The US's network of jails houses the world's highest number of prisoners and the building represents one of the many outposts of a judicial system that relies on the customary brutality of execution.


Across death row, about 41 per cent are African Americans, a vastly disproportionate representation compared to their 13.6 per cent representation in the general population.


Bernhaut, a 26-year-old Sydneysider, had just finished a two-year stint working for a Supreme Court judge. With a few months up his sleeve, he sent out messages to legal organisations across the US seeking experience in states that still held on to the death penalty.
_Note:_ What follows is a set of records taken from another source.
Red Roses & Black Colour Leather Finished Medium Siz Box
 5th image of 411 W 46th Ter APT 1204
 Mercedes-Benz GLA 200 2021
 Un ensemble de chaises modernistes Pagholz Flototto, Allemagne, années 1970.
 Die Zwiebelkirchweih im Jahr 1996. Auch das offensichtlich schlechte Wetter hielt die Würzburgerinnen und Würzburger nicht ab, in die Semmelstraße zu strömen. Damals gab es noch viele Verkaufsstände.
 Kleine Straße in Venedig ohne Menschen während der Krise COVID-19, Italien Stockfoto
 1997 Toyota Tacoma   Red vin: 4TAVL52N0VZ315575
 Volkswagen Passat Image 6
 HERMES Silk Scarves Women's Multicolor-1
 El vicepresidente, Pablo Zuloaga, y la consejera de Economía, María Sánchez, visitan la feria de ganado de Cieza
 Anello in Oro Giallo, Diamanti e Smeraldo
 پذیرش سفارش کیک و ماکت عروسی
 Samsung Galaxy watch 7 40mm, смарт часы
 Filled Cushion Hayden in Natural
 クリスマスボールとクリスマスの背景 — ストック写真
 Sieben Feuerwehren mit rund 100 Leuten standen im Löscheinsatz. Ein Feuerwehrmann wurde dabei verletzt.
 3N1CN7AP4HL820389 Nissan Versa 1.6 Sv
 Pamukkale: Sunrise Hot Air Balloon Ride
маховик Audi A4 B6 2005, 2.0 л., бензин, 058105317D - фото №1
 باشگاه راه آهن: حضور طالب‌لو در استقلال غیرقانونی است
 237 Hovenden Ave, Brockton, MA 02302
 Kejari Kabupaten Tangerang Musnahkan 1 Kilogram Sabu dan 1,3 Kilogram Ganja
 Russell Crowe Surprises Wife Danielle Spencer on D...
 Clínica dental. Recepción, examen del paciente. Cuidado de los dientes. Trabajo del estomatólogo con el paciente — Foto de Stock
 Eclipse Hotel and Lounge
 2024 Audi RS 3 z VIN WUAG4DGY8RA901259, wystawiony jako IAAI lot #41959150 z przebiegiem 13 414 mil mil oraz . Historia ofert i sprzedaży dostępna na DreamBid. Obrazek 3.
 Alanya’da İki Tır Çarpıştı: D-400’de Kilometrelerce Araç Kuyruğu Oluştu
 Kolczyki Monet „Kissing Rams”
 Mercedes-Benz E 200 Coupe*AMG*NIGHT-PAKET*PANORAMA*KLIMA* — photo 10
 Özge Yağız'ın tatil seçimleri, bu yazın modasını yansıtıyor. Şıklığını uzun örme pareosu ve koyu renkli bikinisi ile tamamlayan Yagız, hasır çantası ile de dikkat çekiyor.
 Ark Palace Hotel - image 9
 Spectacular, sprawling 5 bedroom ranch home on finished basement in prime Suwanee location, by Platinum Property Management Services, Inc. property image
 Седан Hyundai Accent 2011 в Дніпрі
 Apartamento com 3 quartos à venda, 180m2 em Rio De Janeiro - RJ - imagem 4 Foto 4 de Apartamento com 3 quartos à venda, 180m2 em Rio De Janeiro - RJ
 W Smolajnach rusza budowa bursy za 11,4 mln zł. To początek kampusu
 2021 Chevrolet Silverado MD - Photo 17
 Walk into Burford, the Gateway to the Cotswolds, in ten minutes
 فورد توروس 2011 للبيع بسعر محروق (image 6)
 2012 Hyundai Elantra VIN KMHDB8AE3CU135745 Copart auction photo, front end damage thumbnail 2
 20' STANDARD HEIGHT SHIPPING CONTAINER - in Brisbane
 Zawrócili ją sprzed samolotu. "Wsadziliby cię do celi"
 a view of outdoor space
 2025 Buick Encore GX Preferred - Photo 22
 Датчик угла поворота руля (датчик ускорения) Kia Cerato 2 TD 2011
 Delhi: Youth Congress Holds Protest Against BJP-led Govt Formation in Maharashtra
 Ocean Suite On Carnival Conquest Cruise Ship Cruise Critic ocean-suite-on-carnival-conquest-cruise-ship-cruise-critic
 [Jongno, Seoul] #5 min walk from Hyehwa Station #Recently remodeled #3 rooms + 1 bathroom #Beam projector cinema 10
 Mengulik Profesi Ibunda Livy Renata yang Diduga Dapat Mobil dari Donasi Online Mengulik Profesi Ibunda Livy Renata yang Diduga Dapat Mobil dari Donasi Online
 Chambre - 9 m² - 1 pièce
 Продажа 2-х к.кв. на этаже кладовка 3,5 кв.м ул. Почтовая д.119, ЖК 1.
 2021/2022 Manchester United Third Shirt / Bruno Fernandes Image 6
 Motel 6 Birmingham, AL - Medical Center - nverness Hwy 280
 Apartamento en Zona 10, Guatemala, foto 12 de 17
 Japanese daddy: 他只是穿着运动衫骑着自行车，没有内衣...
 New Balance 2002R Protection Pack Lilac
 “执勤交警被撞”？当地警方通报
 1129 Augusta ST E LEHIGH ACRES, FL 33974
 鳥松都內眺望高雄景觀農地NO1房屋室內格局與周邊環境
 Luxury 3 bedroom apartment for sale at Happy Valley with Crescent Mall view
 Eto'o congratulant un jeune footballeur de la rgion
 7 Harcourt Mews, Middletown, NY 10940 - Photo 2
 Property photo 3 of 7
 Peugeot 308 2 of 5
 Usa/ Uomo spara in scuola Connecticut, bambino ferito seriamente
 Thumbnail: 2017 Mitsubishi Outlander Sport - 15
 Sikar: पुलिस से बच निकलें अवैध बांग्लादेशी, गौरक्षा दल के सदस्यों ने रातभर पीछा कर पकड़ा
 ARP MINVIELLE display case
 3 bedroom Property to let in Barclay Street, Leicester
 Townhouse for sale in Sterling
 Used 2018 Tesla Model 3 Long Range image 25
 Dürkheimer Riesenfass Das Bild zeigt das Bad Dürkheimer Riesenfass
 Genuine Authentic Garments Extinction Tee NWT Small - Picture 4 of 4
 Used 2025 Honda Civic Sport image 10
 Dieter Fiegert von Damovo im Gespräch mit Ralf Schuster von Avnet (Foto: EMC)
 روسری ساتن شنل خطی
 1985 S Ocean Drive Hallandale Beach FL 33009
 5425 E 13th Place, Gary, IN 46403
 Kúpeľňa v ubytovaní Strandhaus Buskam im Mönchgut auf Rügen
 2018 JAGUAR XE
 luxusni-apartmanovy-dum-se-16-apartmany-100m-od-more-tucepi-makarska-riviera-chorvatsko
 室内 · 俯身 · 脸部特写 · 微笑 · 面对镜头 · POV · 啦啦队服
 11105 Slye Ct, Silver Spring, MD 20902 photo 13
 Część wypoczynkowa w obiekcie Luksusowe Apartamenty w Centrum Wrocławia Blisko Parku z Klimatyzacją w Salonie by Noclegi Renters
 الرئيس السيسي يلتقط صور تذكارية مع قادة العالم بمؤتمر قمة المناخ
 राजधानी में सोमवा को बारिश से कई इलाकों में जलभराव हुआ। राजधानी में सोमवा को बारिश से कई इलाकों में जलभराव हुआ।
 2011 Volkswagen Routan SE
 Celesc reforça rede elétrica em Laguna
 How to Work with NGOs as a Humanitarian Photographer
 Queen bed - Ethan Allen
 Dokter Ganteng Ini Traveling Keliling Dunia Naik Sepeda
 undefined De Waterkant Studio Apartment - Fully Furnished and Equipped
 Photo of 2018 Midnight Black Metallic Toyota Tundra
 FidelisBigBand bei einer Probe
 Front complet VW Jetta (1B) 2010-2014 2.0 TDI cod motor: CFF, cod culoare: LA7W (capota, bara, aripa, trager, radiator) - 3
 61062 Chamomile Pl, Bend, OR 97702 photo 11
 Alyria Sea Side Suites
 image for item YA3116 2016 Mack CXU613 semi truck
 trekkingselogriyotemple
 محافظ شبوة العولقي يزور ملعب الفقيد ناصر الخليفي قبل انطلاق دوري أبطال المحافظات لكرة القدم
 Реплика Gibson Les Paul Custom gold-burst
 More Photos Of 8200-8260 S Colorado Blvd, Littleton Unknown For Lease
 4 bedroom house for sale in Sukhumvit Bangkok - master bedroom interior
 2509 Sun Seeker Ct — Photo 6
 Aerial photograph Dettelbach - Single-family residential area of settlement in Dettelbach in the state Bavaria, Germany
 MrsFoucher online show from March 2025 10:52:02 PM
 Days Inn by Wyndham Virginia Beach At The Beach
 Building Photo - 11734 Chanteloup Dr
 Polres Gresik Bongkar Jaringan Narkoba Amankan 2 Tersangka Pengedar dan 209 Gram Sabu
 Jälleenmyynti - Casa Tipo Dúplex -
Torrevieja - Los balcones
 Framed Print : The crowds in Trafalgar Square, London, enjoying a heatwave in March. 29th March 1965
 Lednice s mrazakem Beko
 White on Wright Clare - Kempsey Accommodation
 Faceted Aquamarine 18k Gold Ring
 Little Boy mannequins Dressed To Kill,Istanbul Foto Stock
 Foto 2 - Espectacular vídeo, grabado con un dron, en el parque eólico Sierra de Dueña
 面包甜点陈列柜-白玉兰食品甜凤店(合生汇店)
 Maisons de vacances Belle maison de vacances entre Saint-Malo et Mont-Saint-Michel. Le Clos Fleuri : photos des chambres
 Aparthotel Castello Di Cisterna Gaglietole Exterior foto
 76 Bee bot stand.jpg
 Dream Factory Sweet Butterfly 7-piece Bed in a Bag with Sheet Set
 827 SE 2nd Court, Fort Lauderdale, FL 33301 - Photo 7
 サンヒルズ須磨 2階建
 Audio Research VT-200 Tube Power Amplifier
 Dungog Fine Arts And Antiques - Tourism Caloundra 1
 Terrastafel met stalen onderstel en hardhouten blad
And Arkansas was keen.


''The organisation [I worked for] represents a number of inmates on death row who are putting forward habeas corpus petitions - an appeal of sorts which contests the legitimacy of a conviction or term of custody,'' he said, now back in Australia.


''These people aren't just people who are awaiting execution. They've been convicted, but don't believe they did it, or don't believe they deserve to die for what they did.''


Bernhaut describes conditions on death row: 24 hours a day alone in a cell with no access to an exercise yard or even communal eating. They have limited opportunities for contact and are allowed some access to films, television, delayed sport and books. Political news manages to seep in from the outside by word of mouth.


But, apart from limited meetings with lawyers and family - often in partitioned rooms where contact is not allowed - there is little opportunity for social chitchat.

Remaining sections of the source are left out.